■ DESCRIPTION OF THE TASK:
In the entries below, return only the line containing "LED-pære G9/6W/230V 6000K" and those after it, exactly, through the last line.

Scraped caption text data
[Start of section]

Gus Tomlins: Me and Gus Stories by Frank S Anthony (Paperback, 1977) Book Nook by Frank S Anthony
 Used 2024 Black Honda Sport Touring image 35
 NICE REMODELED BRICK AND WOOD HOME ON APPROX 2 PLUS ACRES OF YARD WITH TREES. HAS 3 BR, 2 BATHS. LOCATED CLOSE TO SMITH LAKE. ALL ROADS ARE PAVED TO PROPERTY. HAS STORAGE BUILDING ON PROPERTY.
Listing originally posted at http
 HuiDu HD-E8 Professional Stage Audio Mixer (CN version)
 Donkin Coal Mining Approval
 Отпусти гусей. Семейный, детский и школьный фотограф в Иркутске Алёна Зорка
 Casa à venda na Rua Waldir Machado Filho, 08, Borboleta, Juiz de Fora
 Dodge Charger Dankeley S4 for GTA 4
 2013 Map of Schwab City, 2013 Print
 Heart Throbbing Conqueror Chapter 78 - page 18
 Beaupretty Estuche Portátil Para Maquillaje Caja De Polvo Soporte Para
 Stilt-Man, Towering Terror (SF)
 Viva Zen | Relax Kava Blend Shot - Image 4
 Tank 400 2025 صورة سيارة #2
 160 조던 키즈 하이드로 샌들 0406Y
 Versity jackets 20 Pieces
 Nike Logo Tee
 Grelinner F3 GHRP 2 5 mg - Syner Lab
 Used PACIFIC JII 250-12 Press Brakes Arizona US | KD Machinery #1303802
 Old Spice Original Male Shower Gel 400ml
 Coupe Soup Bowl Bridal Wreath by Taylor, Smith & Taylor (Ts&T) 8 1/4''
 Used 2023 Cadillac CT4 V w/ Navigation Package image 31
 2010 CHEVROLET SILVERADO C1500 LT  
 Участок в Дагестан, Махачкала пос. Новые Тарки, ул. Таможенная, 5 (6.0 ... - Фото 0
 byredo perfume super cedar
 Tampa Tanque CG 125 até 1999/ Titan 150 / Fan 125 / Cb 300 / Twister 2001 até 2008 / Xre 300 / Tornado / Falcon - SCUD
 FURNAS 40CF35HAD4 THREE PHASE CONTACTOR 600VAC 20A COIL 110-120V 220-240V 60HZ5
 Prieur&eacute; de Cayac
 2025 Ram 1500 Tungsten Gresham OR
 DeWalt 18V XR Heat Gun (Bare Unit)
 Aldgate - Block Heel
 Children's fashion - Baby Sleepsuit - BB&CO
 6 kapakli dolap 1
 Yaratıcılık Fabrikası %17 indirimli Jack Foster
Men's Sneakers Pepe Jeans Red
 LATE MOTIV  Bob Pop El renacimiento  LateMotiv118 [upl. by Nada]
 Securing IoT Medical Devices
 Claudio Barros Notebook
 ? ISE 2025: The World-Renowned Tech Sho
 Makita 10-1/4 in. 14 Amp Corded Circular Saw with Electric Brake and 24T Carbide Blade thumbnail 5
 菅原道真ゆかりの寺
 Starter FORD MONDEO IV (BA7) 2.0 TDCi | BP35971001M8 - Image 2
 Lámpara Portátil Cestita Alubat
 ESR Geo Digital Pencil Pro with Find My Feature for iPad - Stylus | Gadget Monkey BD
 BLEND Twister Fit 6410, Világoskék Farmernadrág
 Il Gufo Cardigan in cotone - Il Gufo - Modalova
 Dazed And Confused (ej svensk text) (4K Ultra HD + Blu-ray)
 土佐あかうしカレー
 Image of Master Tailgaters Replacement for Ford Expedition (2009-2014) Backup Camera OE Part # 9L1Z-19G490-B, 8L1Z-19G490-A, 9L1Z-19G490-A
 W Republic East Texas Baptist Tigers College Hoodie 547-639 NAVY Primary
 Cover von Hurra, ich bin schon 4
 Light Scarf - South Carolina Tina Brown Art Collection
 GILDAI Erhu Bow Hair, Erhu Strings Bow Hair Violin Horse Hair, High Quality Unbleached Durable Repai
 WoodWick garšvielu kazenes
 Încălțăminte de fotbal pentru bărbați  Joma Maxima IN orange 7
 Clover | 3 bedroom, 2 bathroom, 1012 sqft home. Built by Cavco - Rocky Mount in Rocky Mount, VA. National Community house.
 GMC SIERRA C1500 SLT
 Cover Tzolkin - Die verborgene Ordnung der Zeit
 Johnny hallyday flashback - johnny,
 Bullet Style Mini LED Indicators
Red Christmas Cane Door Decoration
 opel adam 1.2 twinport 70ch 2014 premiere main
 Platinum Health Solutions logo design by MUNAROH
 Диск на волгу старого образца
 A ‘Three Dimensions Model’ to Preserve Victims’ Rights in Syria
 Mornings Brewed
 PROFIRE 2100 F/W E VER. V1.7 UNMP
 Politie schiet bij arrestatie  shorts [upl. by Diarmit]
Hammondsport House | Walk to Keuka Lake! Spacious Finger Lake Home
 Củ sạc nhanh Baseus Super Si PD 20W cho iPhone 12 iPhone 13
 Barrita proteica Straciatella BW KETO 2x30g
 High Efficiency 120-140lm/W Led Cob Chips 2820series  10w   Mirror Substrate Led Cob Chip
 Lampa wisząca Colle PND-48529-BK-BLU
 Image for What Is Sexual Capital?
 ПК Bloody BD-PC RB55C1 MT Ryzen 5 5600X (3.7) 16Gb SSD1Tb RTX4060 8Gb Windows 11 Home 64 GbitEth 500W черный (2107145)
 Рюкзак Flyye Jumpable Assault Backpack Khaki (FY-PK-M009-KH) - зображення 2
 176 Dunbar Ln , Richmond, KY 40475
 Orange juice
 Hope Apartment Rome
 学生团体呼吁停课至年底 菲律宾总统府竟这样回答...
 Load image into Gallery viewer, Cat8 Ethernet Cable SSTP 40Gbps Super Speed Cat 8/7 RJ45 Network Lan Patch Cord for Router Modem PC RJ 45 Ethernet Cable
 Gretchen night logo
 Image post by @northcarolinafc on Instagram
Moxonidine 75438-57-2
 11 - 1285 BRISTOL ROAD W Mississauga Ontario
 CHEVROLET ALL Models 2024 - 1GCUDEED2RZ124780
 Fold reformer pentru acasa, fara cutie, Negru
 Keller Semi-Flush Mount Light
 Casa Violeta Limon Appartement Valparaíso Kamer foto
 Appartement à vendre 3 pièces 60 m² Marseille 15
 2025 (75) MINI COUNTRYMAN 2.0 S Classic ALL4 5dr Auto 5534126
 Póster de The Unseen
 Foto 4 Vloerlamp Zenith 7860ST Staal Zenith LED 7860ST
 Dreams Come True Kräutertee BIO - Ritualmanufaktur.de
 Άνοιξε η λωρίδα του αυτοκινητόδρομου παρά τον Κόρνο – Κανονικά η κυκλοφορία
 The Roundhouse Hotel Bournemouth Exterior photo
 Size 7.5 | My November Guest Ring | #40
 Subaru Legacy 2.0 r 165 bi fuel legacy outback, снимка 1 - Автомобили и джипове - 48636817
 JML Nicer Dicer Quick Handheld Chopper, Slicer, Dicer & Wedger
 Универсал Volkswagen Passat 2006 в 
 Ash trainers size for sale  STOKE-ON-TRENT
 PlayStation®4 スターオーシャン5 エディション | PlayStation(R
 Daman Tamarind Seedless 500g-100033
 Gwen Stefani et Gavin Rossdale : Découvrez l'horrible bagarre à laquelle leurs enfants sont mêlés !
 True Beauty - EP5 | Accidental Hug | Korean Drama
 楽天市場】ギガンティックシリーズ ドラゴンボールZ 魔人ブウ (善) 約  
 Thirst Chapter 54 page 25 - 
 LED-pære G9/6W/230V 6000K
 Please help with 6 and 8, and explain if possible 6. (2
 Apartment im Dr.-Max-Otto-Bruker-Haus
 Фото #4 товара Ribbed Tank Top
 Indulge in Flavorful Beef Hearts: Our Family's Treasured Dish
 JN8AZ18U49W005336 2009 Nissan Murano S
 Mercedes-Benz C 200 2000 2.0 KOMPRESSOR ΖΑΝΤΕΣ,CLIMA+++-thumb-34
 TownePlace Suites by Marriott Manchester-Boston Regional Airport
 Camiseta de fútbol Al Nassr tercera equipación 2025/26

[End of section]

■ TASK ANSWER:
 LED-pære G9/6W/230V 6000K
 Please help with 6 and 8, and explain if possible 6. (2
 Apartment im Dr.-Max-Otto-Bruker-Haus
 Фото #4 товара Ribbed Tank Top
 Indulge in Flavorful Beef Hearts: Our Family's Treasured Dish
 JN8AZ18U49W005336 2009 Nissan Murano S
 Mercedes-Benz C 200 2000 2.0 KOMPRESSOR ΖΑΝΤΕΣ,CLIMA+++-thumb-34
 TownePlace Suites by Marriott Manchester-Boston Regional Airport
 Camiseta de fútbol Al Nassr tercera equipación 2025/26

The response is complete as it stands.